■ Exercise
I'd like the full listing transcribed exactly, with no images included.

■ Provided data
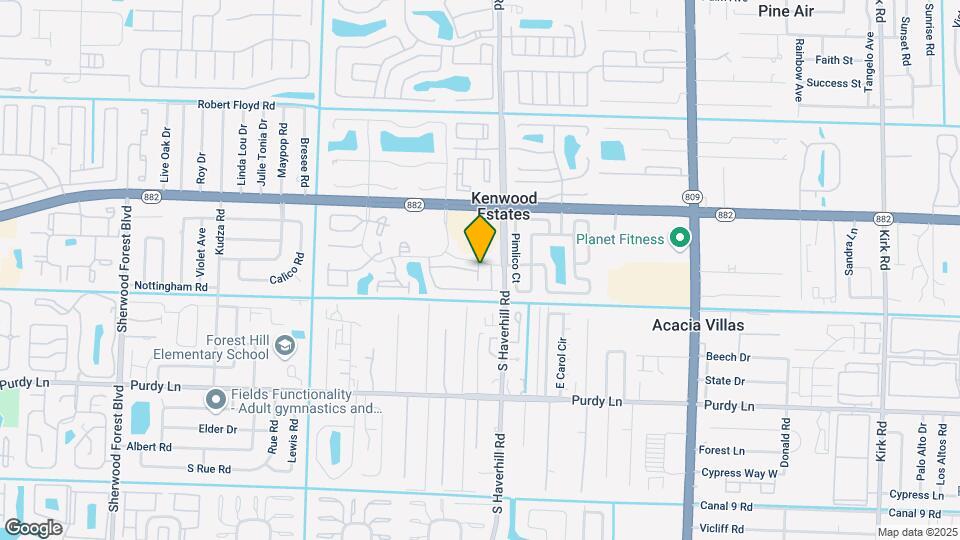 5074 Glencove Ln Mapa y Detalles de la Ubicación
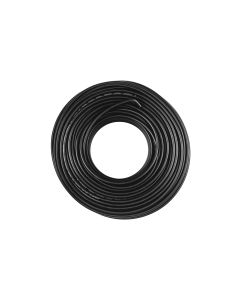 FURBER.power Solarkabel 6 mm² Rolle 100 m, Schwarz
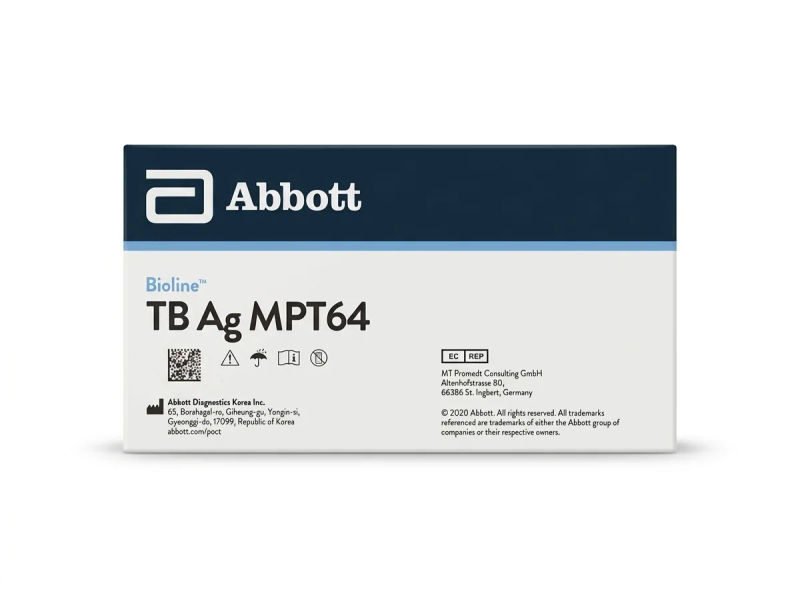 Abbott sd tb ag mpt64 device rapid card pack of 25 tests 20 03 2026 f33bc0e0 - SkyMedIdent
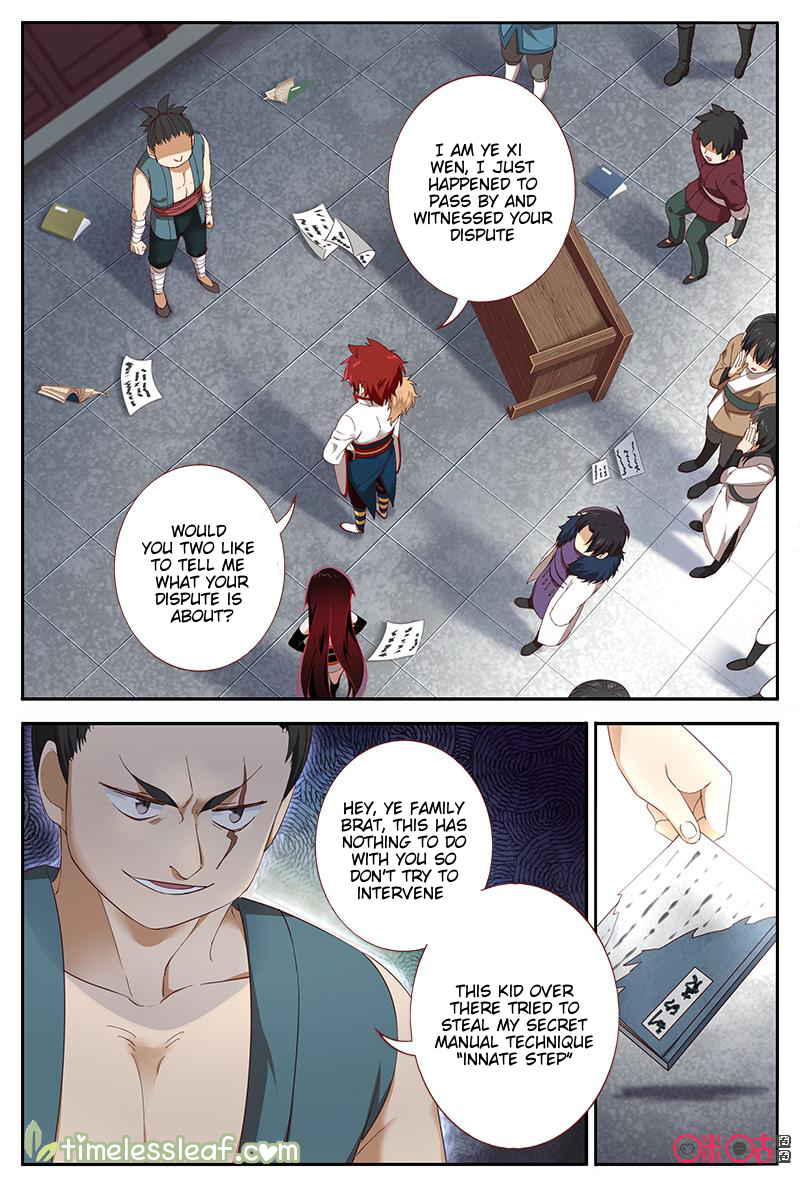 Martial God Space chapter 37 - page 12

■ Result
 5074 Glencove Ln Mapa y Detalles de la Ubicación
 FURBER.power Solarkabel 6 mm² Rolle 100 m, Schwarz
 Abbott sd tb ag mpt64 device rapid card pack of 25 tests 20 03 2026 f33bc0e0 - SkyMedIdent
 Martial God Space chapter 37 - page 12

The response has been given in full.